Exercise inputs:

[Start of Attachment]

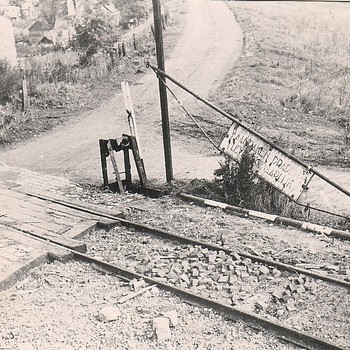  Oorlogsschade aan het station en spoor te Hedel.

[End of Attachment]
[Start of Attachment]

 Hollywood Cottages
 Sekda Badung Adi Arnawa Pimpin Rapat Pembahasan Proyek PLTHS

[End of Attachment]
[Start of Attachment]

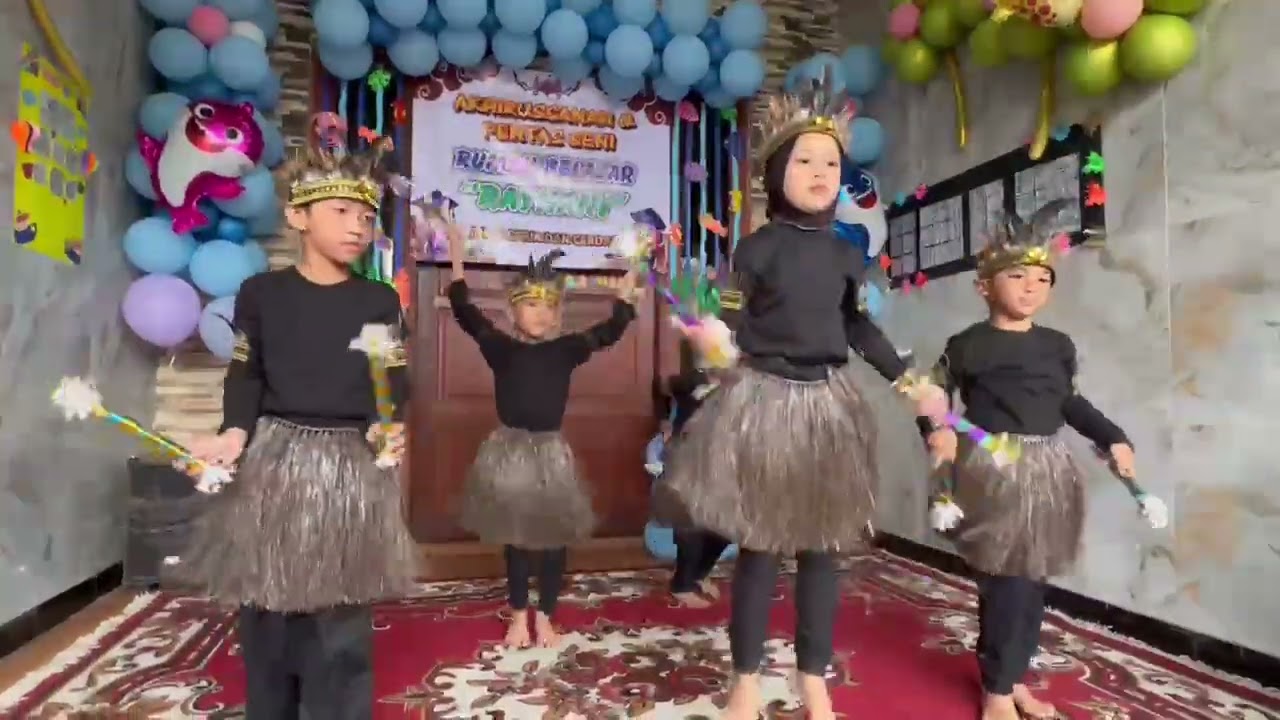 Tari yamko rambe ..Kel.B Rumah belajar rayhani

[End of Attachment]

Problem statement:
Reproduce, word for word and in full, only the lines above that start at the line with "Hollywood Cottages" and run through the line with "Sekda Badung Adi", both ends included.

Exercise output:
 Hollywood Cottages
 Sekda Badung Adi Arnawa Pimpin Rapat Pembahasan Proyek PLTHS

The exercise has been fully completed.